* TASK DETAILS *
Please set down only the lines below starting with the line with "Photo #1 of" and going on through the line with "Found/Stray Male Dog", verbatim and without pictures.

* SOURCE DATA *
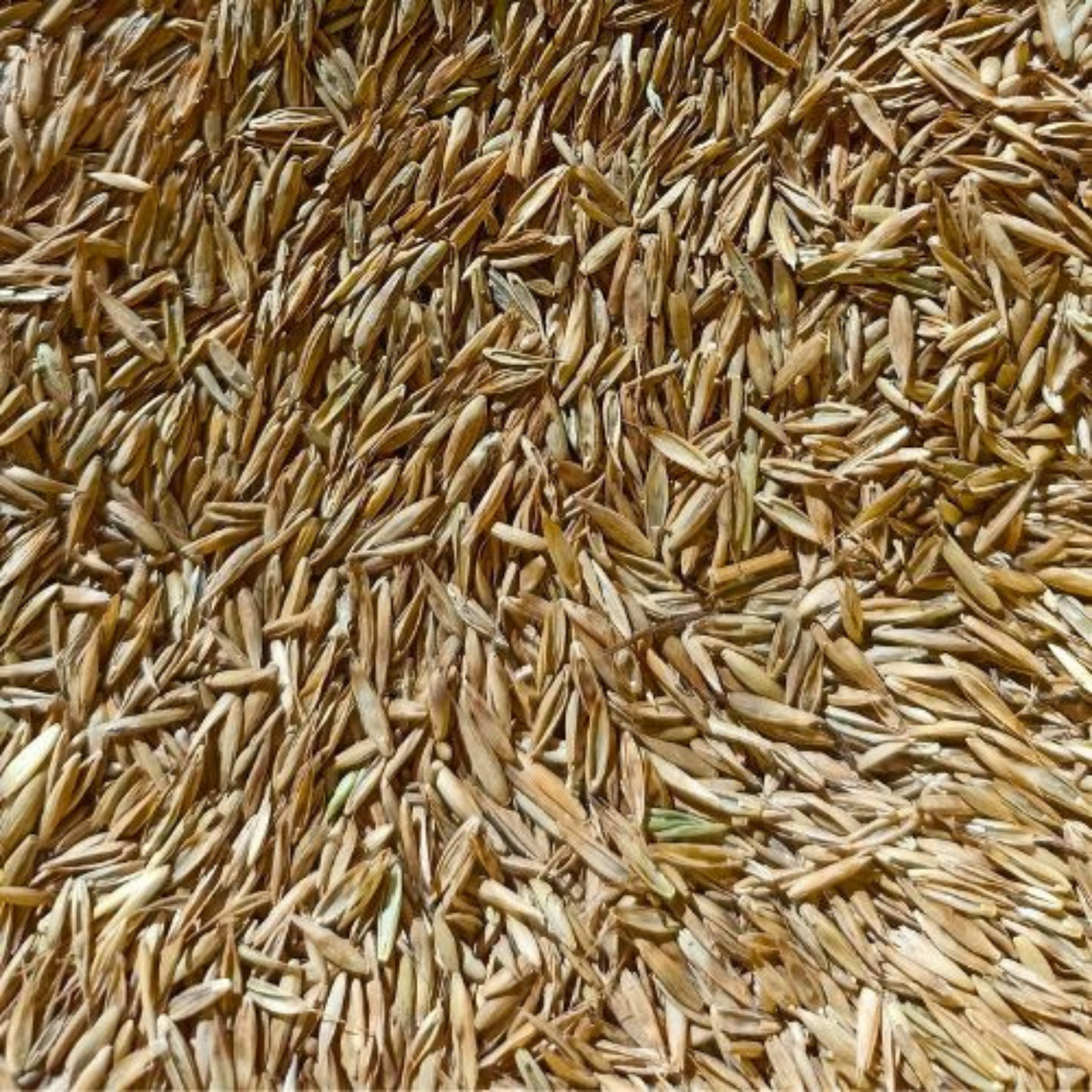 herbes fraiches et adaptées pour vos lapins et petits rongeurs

...

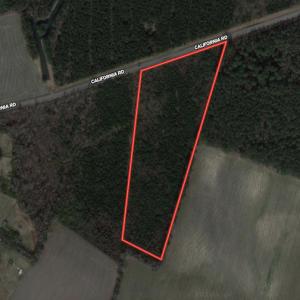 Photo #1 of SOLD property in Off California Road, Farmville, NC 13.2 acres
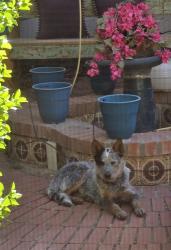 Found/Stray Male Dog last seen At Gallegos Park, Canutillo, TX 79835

* ANSWER SPACE *
 Photo #1 of SOLD property in Off California Road, Farmville, NC 13.2 acres
 Found/Stray Male Dog last seen At Gallegos Park, Canutillo, TX 79835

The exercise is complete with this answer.